:: EXERCISE ::
When you copy the data, keep every word exactly as it is and leave the pictures out.

:: DATA EXTRACT ::
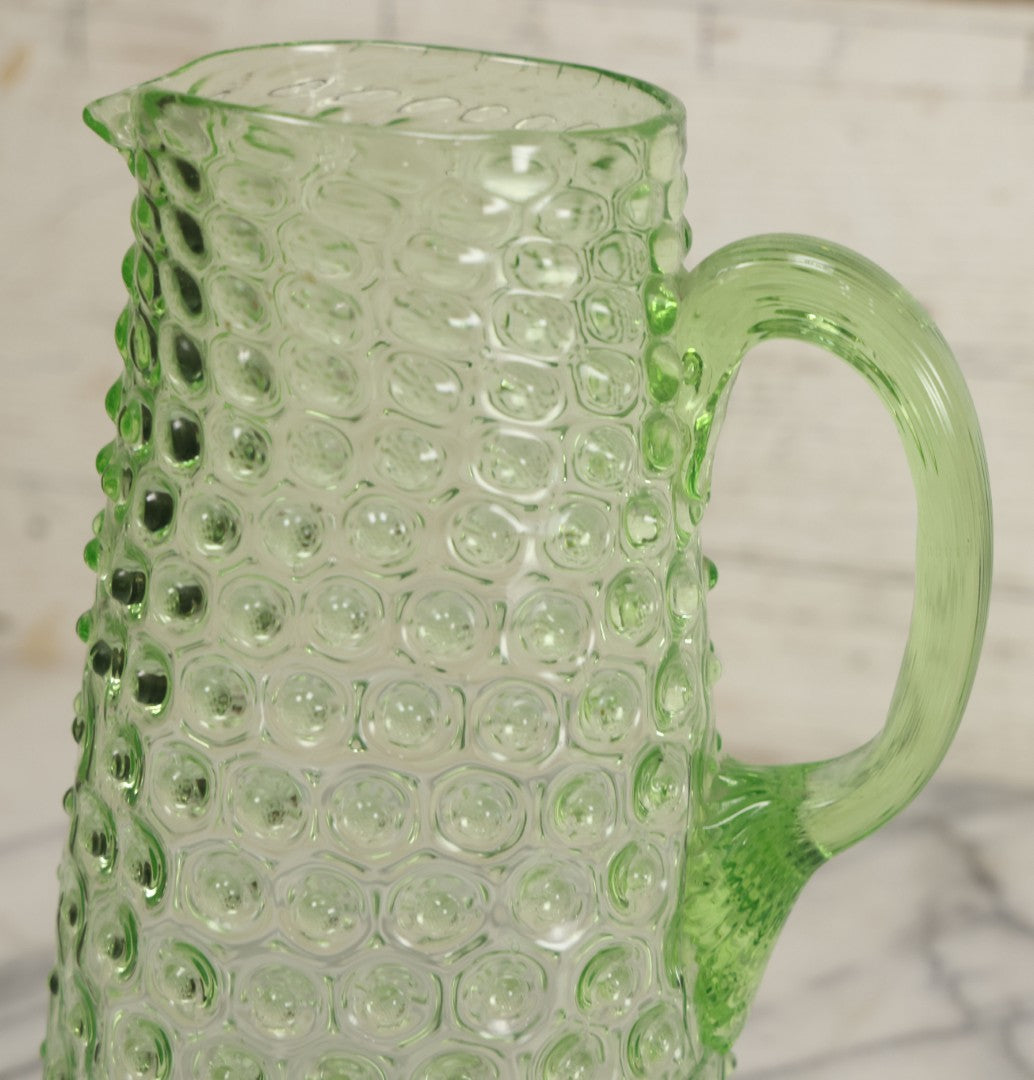 Lot 014 - Vintage Six Piece Hobnail Uranium Glass Drinking Collection With Pitcher And Four Matching Cups Plus Additional Cup, U.V. Blacklight Reactive Glass, Note Chips And Cracks
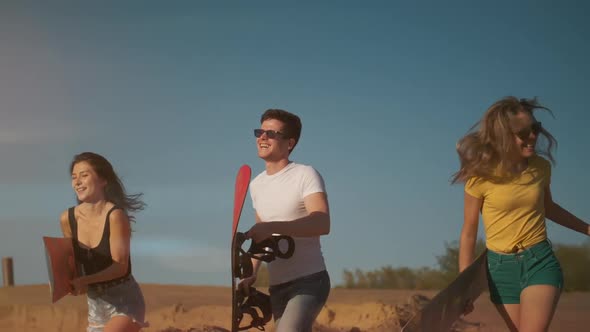 Multiracial Friends Running on the Sand with Snowboard or Sandboard, Smiling and Getting Pleasure. A alt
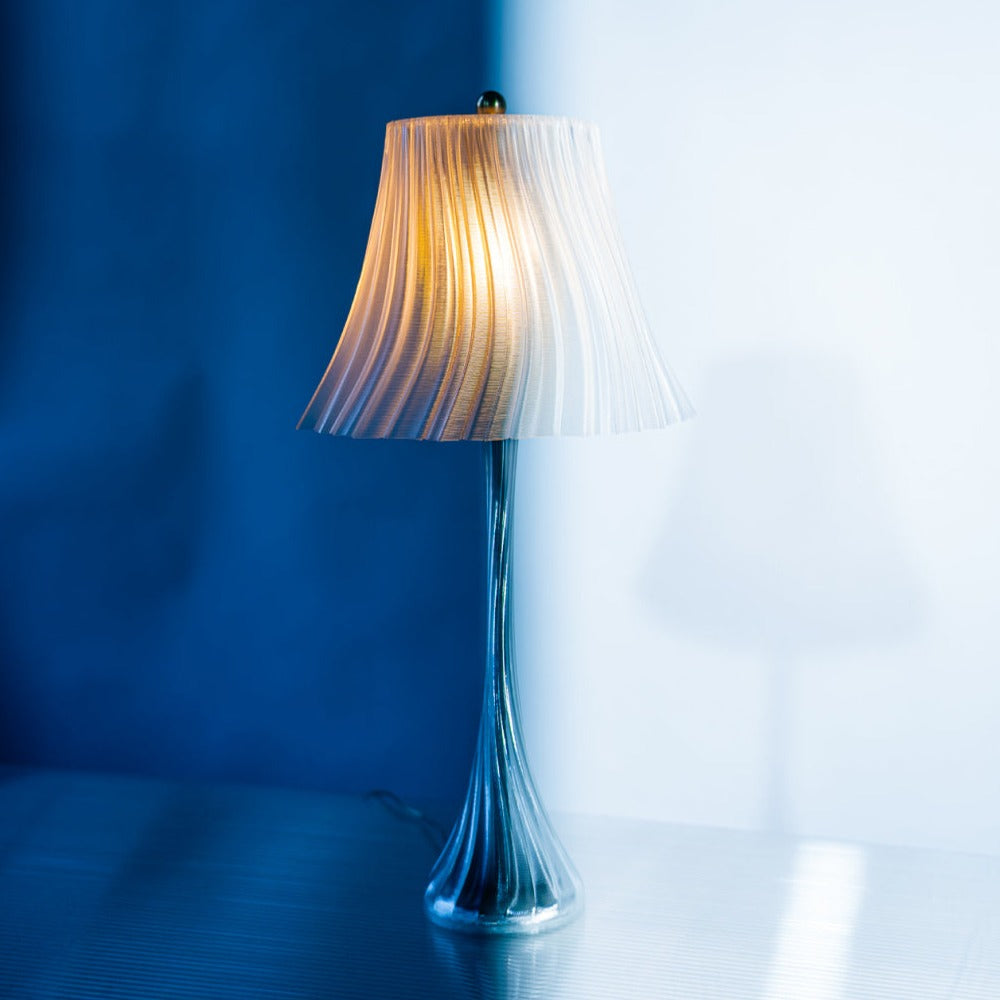 Wooj Design Pleat Lamp with a clear, pleated fabric shade, showcasing elegant modern lighting for interior decor.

:: RESULT OF THE EXERCISE ::
 Lot 014 - Vintage Six Piece Hobnail Uranium Glass Drinking Collection With Pitcher And Four Matching Cups Plus Additional Cup, U.V. Blacklight Reactive Glass, Note Chips And Cracks
 Multiracial Friends Running on the Sand with Snowboard or Sandboard, Smiling and Getting Pleasure. A alt
 Wooj Design Pleat Lamp with a clear, pleated fabric shade, showcasing elegant modern lighting for interior decor.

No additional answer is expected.